Maintaining health balance between hosts and commensal microorganisms fulfils microbial nutritional demand and also benefits to hosts for gaining unique metabolites and “training” in host immune systems against other virulent invaders. However, occasionally, commensal bacteria detach from their original niche (e.g. skin surface or oral cavity) and enter exclusive locations (e.g. bloodstream or deeper layers of skin), which could induce their pathogenicity and cause infections. Commensal Streptococci and Staphylococci from human skin or oral cavity can cross into the bloodstream through daily tooth brushing, invasive treatments, or wounds. To survive from immune attacks in blood stream, forming aggregation or biofilm on tissue surfaces can provide shield and protection. Compared to their planktonic counterparts, bacteria embedded within biofilms show greater resistance to external challenges due to self-produced and well-organized extracellular polymeric substances, which are constantly shaped by constituent bacteria and surrounding host cells. Previous studies have suggested that forming a platelet thrombus on minor endothelial lesions can attract planktonic bacterial attachment to promote further damage, platelet aggregation, and bacterial attachment. This vicious circle will result in complex bacteria-platelet biofilm and cause severe inflammation and tissue damages such as infective endocarditis. Bacterial surface proteins or compounds have been shown to induce the activation and aggregation of platelets. Nevertheless, whether diffusible molecules released by activated platelets can interact with bacterial sensing/regulating systems and induce the regulatory switch from bacterial planktonic lifestyle toward sessile status for biofilm formation is unclear.

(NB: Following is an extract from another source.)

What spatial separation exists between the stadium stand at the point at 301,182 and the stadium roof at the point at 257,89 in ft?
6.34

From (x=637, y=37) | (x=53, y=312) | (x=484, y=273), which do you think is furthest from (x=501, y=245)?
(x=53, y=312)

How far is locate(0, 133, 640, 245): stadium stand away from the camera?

Bacteria, through diffusible signal molecules, can communicate within their own population and express a particular phenotype in a collective manner in response to environmental stimuli. These molecule-based communications are not limited within the bacterial community but can extend to receive and interact with host cell signalling. We hypothesise that the formation of bacteria-platelet biofilms is initiated by complex bi-direction communications between bacteria and platelets. This project aims to investigate platelet signal molecules and bacterial sensing/regulating pathways involved in biofilm formation by molecular microbiology and transcriptomics approaches. This project is to bring a multidisciplinary team of scientists for advancing our understanding in bacteria-host interactions and is expected to pave a path for developing novel strategies to maintain health balance with our commensal microbiota. The student will have the opportunity to spend time in supervisors’ laboratories in Newcastle and Liverpool for gaining outstanding training in a wide range of state-of-the-art technologies.

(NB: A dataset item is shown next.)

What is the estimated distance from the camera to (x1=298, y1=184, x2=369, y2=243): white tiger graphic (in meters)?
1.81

Informal enquiries may be made to chienyi.chang@newcastle.ac.uk
HOW TO APPLY
Applications should be made by emailing bbsrcdtp@liverpool.ac.uk with a CV and a covering letter, including whatever additional information you feel is pertinent to your application; you may wish to indicate, for example, why you are particularly interested in the selected project/s and at the selected University. Applications not meeting these criteria will be rejected. We will also require electronic copies of your degree certificates and transcripts.
In addition to the CV and covering letter, please email a completed copy of the Newcastle-Liverpool-Durham (NLD) BBSRC DTP Studentship Application Details Form (Word document) to bbsrcdtp@liverpool.ac.uk, noting the additional details that are required for your application which are listed in this form. A blank copy of this form can be found at: https://www.nld-dtp.org.uk/how-apply.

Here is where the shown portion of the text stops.